**Dataset excerpt:**
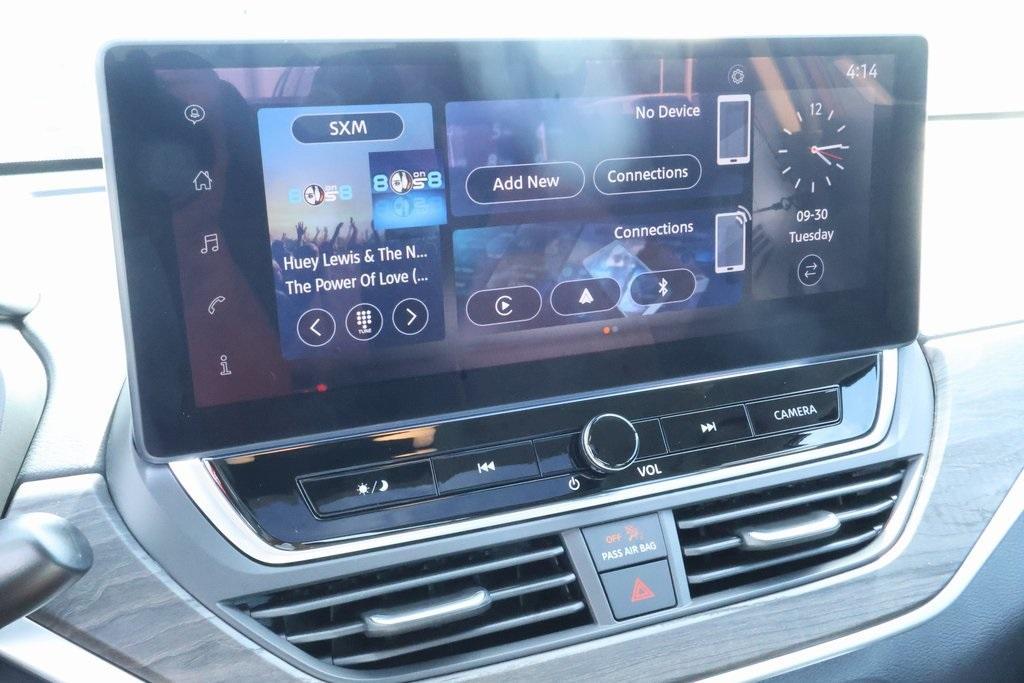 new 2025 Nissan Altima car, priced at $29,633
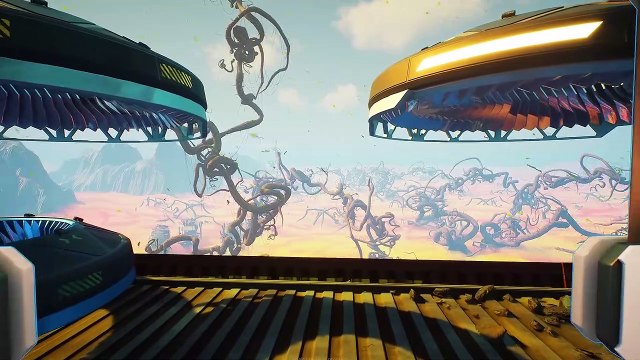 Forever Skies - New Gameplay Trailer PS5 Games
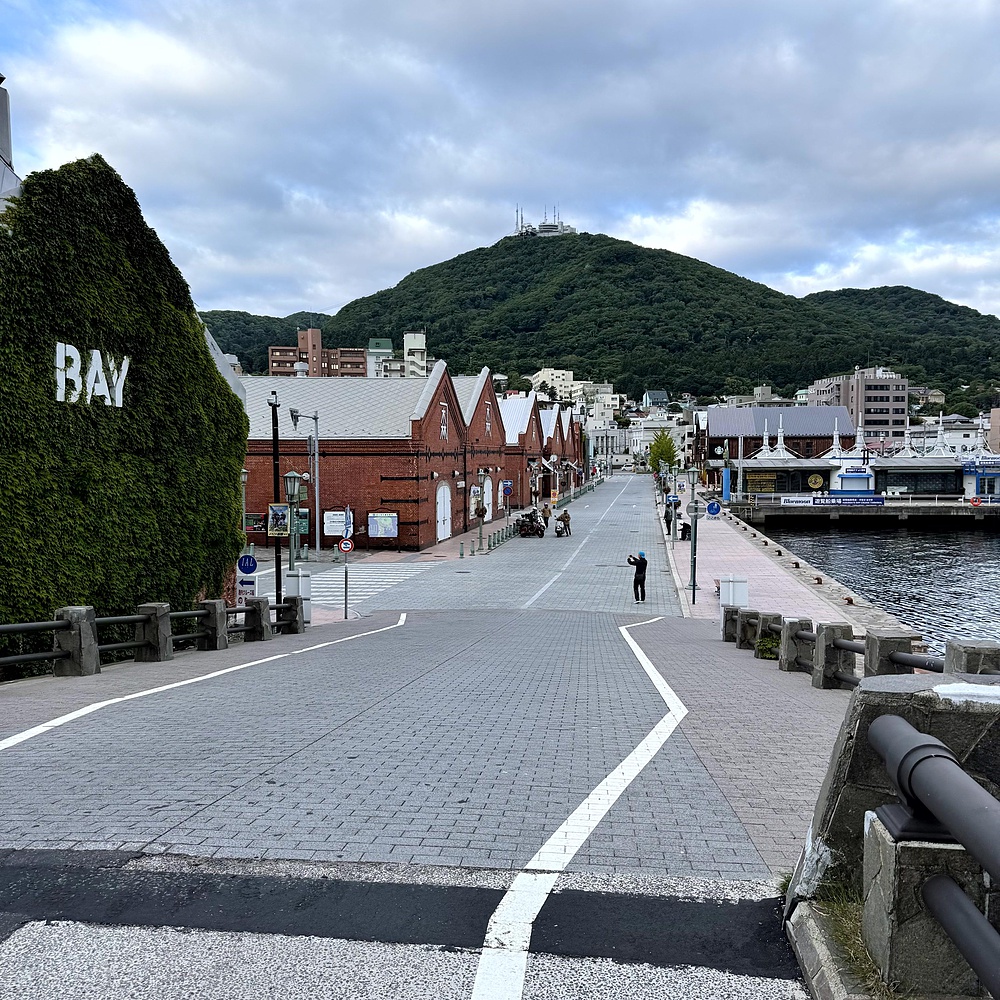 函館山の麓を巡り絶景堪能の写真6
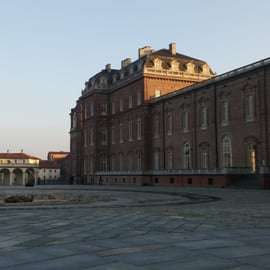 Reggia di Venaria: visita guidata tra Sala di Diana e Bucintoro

**Task directions:** A verbatim transcript of the material above, with images dropped, is the expected output.

**Finished task:**
 new 2025 Nissan Altima car, priced at $29,633
 Forever Skies - New Gameplay Trailer PS5 Games
 函館山の麓を巡り絶景堪能の写真6
 Reggia di Venaria: visita guidata tra Sala di Diana e Bucintoro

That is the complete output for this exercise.